I have tested the scenario and noticed the same problem. For the sake of correction, I have logged this issue as PDFNEWNET-38331 in our issue tracking system. We will further look into the details of this problem and keep you updated on the status of correction. Please be patient and spare us some time. We are sorry for this inconvenience.

C#

// Read the contents of HTML file into StreamReader object
StreamReader r = File.OpenText(@"c:/pdftest/51x.html");
HtmlLoadOptions options = new HtmlLoadOptions(@"c:/pdftest/");
options.PageInfo.Height = 600;
options.PageInfo.Width = 400;
MemoryStream stream1 = new MemoryStream(System.Text.Encoding.UTF8.GetBytes(r.ReadToEnd()));
Document pdfDocument = new Document(stream1, options);
pdfDocument.Save(@"c:/pdftest/51x.pdf");

codewarior · March 5, 2015, 1:13pm

mihai.runcan:

Another issue is that when I create the document I get a waiting time of 1 minute.

I got the content of the HTML into a string in the variable content.Content.

The string contains ~4000 lines from which about 3000 are CSS in <head><style> and also contains some embedded images for example
`background: url('data:image/png;base64,iVBORw0KGgoAAAANSUhEUgAAABAAAAAQCAYAAAAf8/9hAAAAGXRFWHRTb2Z0d2FyZ to get an idea.

Is that time expected and if yes can you suggest some ways to reduce the time?
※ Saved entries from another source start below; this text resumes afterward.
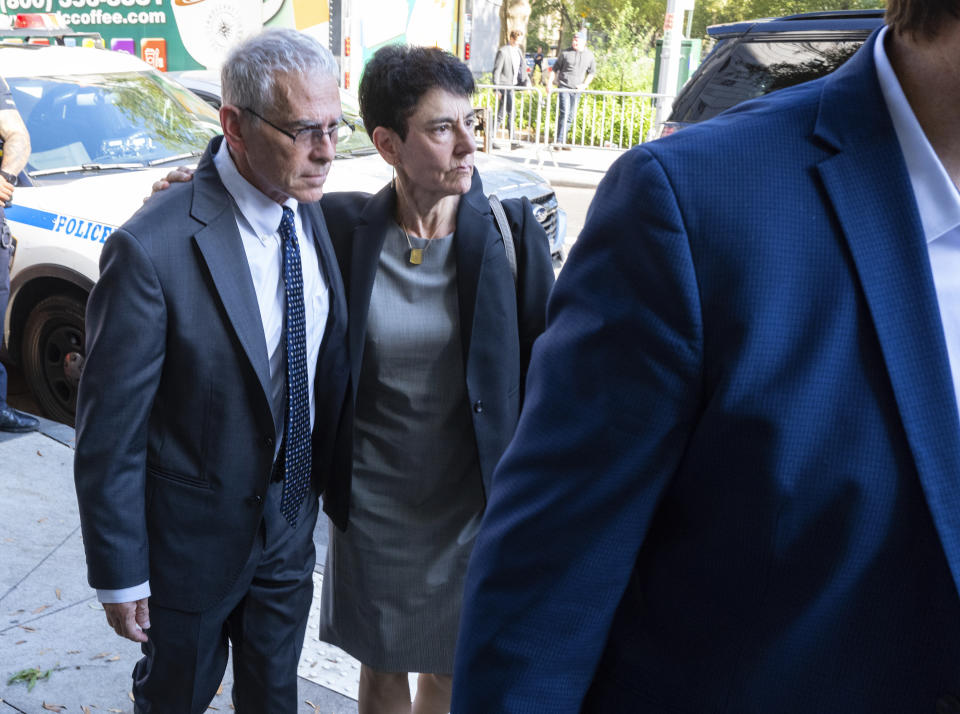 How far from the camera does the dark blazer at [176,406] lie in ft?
7.50

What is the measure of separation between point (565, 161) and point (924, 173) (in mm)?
15974

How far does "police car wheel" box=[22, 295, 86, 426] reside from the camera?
5.88 m

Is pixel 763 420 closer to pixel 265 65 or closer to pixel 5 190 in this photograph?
pixel 265 65

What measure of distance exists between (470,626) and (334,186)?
5.18 m

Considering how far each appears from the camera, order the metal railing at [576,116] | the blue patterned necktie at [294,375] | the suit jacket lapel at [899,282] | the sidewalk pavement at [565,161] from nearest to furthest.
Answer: the suit jacket lapel at [899,282]
the blue patterned necktie at [294,375]
the sidewalk pavement at [565,161]
the metal railing at [576,116]

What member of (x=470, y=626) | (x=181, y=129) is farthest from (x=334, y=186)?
(x=470, y=626)

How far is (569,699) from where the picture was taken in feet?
4.30

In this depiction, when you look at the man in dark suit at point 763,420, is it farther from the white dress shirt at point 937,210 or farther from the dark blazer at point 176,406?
the dark blazer at point 176,406

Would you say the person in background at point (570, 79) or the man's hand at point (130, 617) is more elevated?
the man's hand at point (130, 617)

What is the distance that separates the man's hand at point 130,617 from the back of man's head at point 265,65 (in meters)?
1.15

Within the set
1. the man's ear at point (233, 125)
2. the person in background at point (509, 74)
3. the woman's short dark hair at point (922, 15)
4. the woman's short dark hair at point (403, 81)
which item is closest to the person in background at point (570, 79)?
the person in background at point (509, 74)

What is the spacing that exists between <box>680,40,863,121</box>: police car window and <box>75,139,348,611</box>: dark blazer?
4441 millimetres

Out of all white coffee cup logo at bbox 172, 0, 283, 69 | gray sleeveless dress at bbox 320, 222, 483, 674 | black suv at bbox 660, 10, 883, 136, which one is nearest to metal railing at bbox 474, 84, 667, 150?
white coffee cup logo at bbox 172, 0, 283, 69

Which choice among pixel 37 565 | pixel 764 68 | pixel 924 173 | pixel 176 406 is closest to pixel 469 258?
pixel 176 406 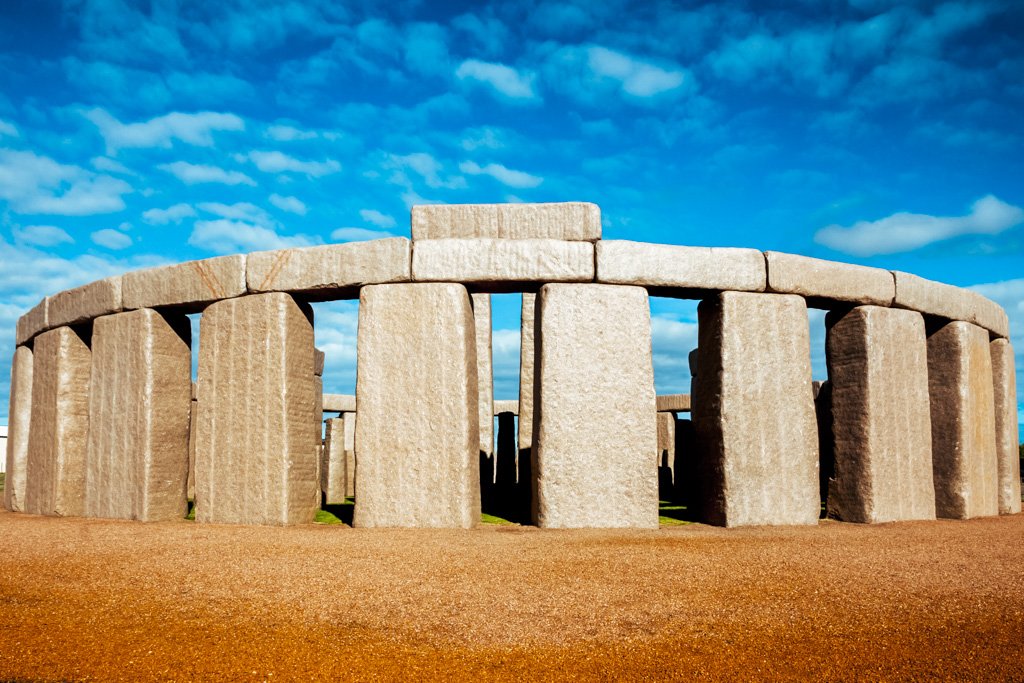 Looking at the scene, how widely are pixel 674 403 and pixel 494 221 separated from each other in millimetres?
9123

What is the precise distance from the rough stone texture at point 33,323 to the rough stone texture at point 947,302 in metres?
9.12

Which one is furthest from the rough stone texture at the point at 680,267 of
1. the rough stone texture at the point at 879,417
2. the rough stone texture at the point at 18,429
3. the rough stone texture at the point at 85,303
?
the rough stone texture at the point at 18,429

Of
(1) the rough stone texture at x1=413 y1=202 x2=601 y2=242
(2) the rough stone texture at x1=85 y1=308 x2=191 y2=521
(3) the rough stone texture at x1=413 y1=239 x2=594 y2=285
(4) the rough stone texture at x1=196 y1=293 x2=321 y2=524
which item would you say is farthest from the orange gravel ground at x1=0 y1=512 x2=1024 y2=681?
(1) the rough stone texture at x1=413 y1=202 x2=601 y2=242

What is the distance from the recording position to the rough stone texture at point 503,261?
20.3ft

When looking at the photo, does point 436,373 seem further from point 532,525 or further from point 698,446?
point 698,446

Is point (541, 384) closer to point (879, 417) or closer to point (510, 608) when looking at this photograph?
point (510, 608)

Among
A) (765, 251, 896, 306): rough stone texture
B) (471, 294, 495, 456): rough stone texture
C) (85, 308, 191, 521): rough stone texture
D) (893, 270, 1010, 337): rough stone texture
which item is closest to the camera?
(765, 251, 896, 306): rough stone texture

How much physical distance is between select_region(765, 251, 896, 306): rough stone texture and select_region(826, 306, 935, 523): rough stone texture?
164 mm

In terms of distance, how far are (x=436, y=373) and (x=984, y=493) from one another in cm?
590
Below is the code to create the document from the string.
HtmlLoadOptions htmloptions = new HtmlLoadOptions(basePath1);
MemoryStream stream1 = new MemoryStream(System.Text.Encoding.UTF8.GetBytes(content.Content));
Document doc = new Document(stream1, htmloptions);

Hi Mihai,

The time taken by API to perform HTML to PDF conversion depends upon the contents being transformed inside PDF document. In order for us to test the scenario, we request you to please share the resource/input HTML so that we can test the conversion in our environment.

mihai.runcan:

Regarding footing the HTML sections look like this:

Name of the application
Report created on: 05/03/2015 (1 of 5)

($P of $P) is current page of number of pages.

Could you help me on how to put this in the footer of the pages?
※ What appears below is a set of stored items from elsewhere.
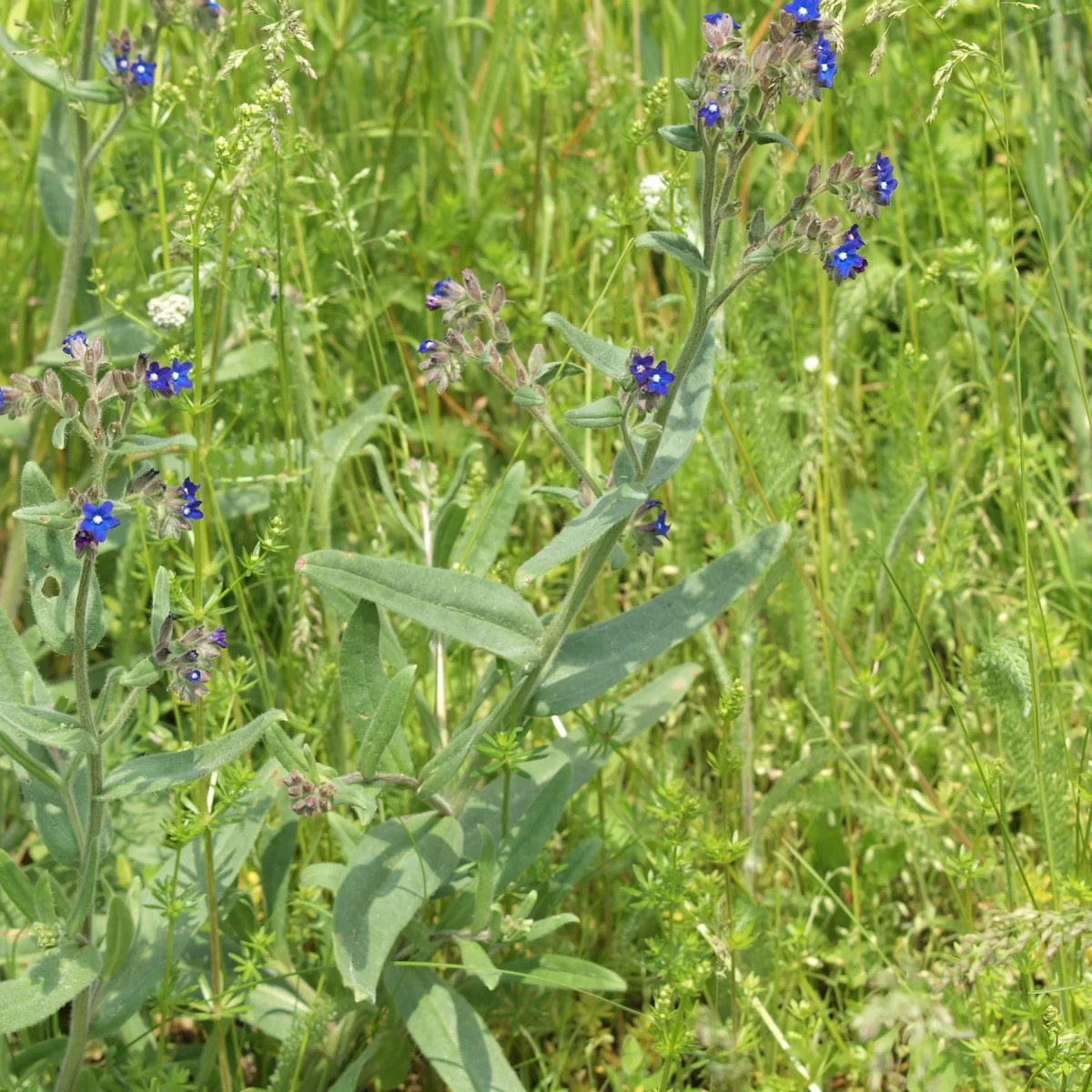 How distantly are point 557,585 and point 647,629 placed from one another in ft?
4.01

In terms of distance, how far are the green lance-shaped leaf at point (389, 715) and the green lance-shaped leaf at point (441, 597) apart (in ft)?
0.37

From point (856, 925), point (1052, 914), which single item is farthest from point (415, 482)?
point (1052, 914)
$Pand$Pare replaceable symbols but they only work when using Aspose.Pdf.Generator.Text object. However if you need to place Page number count in Footer of document, remove` tag containing page numbering information and please try using PageNumberStamp instance to accomplish this requirement.

[C#]

// Read the contents of HTML file into StreamReader object
StreamReader r = File.OpenText(@"c:/pdftest/51x.html");
HtmlLoadOptions options = new HtmlLoadOptions(@"c:/pdftest/");
MemoryStream stream1 = new MemoryStream(System.Text.Encoding.UTF8.GetBytes(r.ReadToEnd()));
Document pdfDocument = new Document(stream1, options);
Console.WriteLine(pdfDocument.Pages.Count);

foreach (Aspose.Pdf.Page current_page in pdfDocument.Pages)
{
    //create page number stamp
    PageNumberStamp pageNumberStamp = new PageNumberStamp();
    pageNumberStamp.Format = $"Report created on: 05/03/2015  ({current_page.Number} of {pdfDocument.Pages.Count})";
    pageNumberStamp.BottomMargin = 10;
    pageNumberStamp.HorizontalAlignment = Aspose.Pdf.HorizontalAlignment.Center;
    pageNumberStamp.StartingNumber = 1;

    //add stamp to particular page
    pdfDocument.Pages[current_page.Number].AddStamp(pageNumberStamp);
}
pdfDocument.Save("c:/pdftest/51x.pdf");

aspose.notifier · March 12, 2020, 8:55pm

The issues you have found earlier (filed as PDFNET-38331) have been fixed in Aspose.PDF for .NET 20.3.